From owner-freebsd-bugs  Wed Sep 20 05:20:11 1995
Return-Path: owner-bugs
Received: (from root@localhost)
          by freefall.freebsd.org (8.6.12/8.6.6) id FAA00849
          for bugs-outgoing; Wed, 20 Sep 1995 05:20:11 -0700
Received: (from gnats@localhost)
          by freefall.freebsd.org (8.6.12/8.6.6) id FAA00843
          ; Wed, 20 Sep 1995 05:20:06 -0700
Resent-Date: Wed, 20 Sep 1995 05:20:06 -0700
Resent-Message-Id: <199509201220.FAA00843@freefall.freebsd.org>
Resent-From: gnats (GNATS Management)
Resent-To: freebsd-bugs
Resent-Reply-To: FreeBSD-gnats@freefall.FreeBSD.org,
        kato@eclogite.eps.nagoya-u.ac.jp
Received: from mail.barrnet.net (mail.barrnet.net [131.119.246.7])
          by freefall.freebsd.org (8.6.12/8.6.6) with ESMTP id FAA00818
          for <FreeBSD-gnats-submit@freebsd.org>; Wed, 20 Sep 1995 05:17:46 -0700
Received: from marble.eps.nagoya-u.ac.jp (marble.eps.nagoya-u.ac.jp [133.6.57.68]) by mail.barrnet.net (8.6.10/MAIL-RELAY-LEN) with ESMTP id FAA12434 for <FreeBSD-gnats-submit@freebsd.org>; Wed, 20 Sep 1995 05:17:45 -0700
Received: (from kato@localhost) by marble.eps.nagoya-u.ac.jp (8.6.12+2.4W/3.3W9) id VAA00386; Wed, 20 Sep 1995 21:13:55 +0900
Message-Id: <199509201213.VAA00386@marble.eps.nagoya-u.ac.jp>
Date: Wed, 20 Sep 1995 21:13:55 +0900
From: kato@eclogite.eps.nagoya-u.ac.jp
Reply-To: kato@eclogite.eps.nagoya-u.ac.jp
To: FreeBSD-gnats-submit@freebsd.org
X-Send-Pr-Version: 3.2
Subject: kern/729: unexpected signal 4/10/11
Sender: owner-bugs@freebsd.org
Precedence: bulk


>Number:         729
>Category:       kern
>Synopsis:       unexpected signal 4/10/11
>Confidential:   no
>Severity:       critical
>Priority:       high
>Responsible:    freebsd-bugs
>State:          open
>Class:          sw-bug
>Submitter-Id:   current-users
>Arrival-Date:   Wed Sep 20 05:20:00 PDT 1995
>Last-Modified:
>Originator:     KATO Takenori
>Organization:
Dept. Earth Planet. Sci. Nagoya Univ.
>Release:        FreeBSD 2.2-CURRENT i386
>Environment:
FreeBSD-current (after September 5) on i486DX4 box
>Description:
Programs catches signal 11 and terminated just after execution.  If some
progrma caught signal 11, such program cannot be excuted.  So I have to
reboot my box.   Signal caught by program is usually signal 11, but
somtimes it is signal 10 and as a rare case signal 4.
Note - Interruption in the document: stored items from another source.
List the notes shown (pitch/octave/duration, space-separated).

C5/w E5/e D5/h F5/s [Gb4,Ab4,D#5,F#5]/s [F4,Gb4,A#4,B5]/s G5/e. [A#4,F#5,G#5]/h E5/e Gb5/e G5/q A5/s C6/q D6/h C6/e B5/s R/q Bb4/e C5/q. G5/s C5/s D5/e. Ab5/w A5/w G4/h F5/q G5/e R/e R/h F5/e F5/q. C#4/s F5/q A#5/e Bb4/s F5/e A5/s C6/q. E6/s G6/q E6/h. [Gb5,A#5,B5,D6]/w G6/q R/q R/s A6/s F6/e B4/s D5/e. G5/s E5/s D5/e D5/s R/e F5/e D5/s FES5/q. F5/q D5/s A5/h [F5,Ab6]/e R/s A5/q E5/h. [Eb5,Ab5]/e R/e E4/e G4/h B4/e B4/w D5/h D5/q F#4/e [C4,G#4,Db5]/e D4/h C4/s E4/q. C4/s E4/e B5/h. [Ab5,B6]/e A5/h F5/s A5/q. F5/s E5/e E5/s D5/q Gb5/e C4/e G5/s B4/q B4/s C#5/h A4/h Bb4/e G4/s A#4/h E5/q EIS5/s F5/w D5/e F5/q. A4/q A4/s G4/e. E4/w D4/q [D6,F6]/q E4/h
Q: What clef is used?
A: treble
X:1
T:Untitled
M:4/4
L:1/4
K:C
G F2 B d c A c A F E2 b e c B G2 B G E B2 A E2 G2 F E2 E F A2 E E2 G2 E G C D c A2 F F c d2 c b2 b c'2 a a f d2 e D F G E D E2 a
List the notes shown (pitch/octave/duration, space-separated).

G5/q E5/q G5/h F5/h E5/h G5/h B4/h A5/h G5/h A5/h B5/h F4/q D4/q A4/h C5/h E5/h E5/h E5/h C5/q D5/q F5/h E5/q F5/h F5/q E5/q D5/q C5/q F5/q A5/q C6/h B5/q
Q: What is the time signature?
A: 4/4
In most case, virtual address where signal occured is in shared library
(I checked it by running programs on gdb).

This phenomenon has appered since September 5.  Before then, this problem
occurs rarely.  (Many vm related code had been changed from Semtember
3 to 5.)

>How-To-Repeat:
I don't know how to repeat this problem on any machine.  On my box,
this problem happens every day!

>Fix:
I think this problem is due to vm bug, but I don't know complete fix.
I have found three problem related vm.

(1) Function splimp doesn't block disk I/O.  Even though 4.4BSD derived
code assumes splhigh is higher than or equals to splbio + splnet, net_imask
doesn't include bio_imask (cf. isa.c).   This may cause access to kmem without
lock, if disk I/O intterupton occurs.  In most code, splimp call in 4.4BSD
has been changed into splhigh (why 'splhigh' which block ALL intterupton?),
but some has not been changed yet.  The next proble is one of them.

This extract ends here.